▶ **Problem**
Write out exactly the line containing "DaReeal's tweet image." along with each line that follows it in the records below, and no others.
Given records: Begin
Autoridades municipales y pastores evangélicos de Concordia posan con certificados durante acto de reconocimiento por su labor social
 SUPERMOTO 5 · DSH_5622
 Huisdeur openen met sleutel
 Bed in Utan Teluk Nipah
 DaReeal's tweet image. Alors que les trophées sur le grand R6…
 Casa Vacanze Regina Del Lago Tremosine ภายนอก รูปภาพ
Given records: End
▶ **Expected output**
 DaReeal's tweet image. Alors que les trophées sur le grand R6…
 Casa Vacanze Regina Del Lago Tremosine ภายนอก รูปภาพ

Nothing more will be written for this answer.